━━ INFORMATION PROVIDED

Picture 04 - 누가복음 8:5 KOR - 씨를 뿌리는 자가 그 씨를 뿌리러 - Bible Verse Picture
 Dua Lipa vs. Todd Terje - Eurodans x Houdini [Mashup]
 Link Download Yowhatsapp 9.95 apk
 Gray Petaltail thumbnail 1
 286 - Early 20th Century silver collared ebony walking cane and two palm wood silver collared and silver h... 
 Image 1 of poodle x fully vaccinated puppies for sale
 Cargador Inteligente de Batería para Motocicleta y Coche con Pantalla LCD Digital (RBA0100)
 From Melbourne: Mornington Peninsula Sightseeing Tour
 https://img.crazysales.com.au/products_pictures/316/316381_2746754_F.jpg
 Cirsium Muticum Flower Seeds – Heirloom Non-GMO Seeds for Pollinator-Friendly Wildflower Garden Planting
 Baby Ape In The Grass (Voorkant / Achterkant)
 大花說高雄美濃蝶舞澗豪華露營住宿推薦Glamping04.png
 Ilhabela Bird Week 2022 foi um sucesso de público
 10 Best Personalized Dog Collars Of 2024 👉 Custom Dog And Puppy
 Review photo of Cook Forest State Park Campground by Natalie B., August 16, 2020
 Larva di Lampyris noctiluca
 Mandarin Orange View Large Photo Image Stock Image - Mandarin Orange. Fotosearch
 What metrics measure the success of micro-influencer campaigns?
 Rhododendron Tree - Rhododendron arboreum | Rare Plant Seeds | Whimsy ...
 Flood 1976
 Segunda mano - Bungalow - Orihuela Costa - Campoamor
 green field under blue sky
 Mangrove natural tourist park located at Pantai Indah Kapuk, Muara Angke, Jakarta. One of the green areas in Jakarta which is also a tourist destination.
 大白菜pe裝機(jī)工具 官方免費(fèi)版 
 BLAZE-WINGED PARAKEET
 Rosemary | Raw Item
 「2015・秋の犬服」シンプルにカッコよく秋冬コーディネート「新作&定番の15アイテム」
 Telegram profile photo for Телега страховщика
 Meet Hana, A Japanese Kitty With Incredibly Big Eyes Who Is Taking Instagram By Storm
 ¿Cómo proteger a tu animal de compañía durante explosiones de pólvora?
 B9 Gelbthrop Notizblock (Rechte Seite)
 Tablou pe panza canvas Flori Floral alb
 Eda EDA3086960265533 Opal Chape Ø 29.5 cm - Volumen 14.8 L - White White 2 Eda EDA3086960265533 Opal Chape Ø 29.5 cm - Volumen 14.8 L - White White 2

━━━━

_PROBLEM DESCRIPTION_: Every entry should be given again exactly as written.

_ANSWER_:
Picture 04 - 누가복음 8:5 KOR - 씨를 뿌리는 자가 그 씨를 뿌리러 - Bible Verse Picture
 Dua Lipa vs. Todd Terje - Eurodans x Houdini [Mashup]
 Link Download Yowhatsapp 9.95 apk
 Gray Petaltail thumbnail 1
 286 - Early 20th Century silver collared ebony walking cane and two palm wood silver collared and silver h... 
 Image 1 of poodle x fully vaccinated puppies for sale
 Cargador Inteligente de Batería para Motocicleta y Coche con Pantalla LCD Digital (RBA0100)
 From Melbourne: Mornington Peninsula Sightseeing Tour
 https://img.crazysales.com.au/products_pictures/316/316381_2746754_F.jpg
 Cirsium Muticum Flower Seeds – Heirloom Non-GMO Seeds for Pollinator-Friendly Wildflower Garden Planting
 Baby Ape In The Grass (Voorkant / Achterkant)
 大花說高雄美濃蝶舞澗豪華露營住宿推薦Glamping04.png
 Ilhabela Bird Week 2022 foi um sucesso de público
 10 Best Personalized Dog Collars Of 2024 👉 Custom Dog And Puppy
 Review photo of Cook Forest State Park Campground by Natalie B., August 16, 2020
 Larva di Lampyris noctiluca
 Mandarin Orange View Large Photo Image Stock Image - Mandarin Orange. Fotosearch
 What metrics measure the success of micro-influencer campaigns?
 Rhododendron Tree - Rhododendron arboreum | Rare Plant Seeds | Whimsy ...
 Flood 1976
 Segunda mano - Bungalow - Orihuela Costa - Campoamor
 green field under blue sky
 Mangrove natural tourist park located at Pantai Indah Kapuk, Muara Angke, Jakarta. One of the green areas in Jakarta which is also a tourist destination.
 大白菜pe裝機(jī)工具 官方免費(fèi)版 
 BLAZE-WINGED PARAKEET
 Rosemary | Raw Item
 「2015・秋の犬服」シンプルにカッコよく秋冬コーディネート「新作&定番の15アイテム」
 Telegram profile photo for Телега страховщика
 Meet Hana, A Japanese Kitty With Incredibly Big Eyes Who Is Taking Instagram By Storm
 ¿Cómo proteger a tu animal de compañía durante explosiones de pólvora?
 B9 Gelbthrop Notizblock (Rechte Seite)
 Tablou pe panza canvas Flori Floral alb
 Eda EDA3086960265533 Opal Chape Ø 29.5 cm - Volumen 14.8 L - White White 2 Eda EDA3086960265533 Opal Chape Ø 29.5 cm - Volumen 14.8 L - White White 2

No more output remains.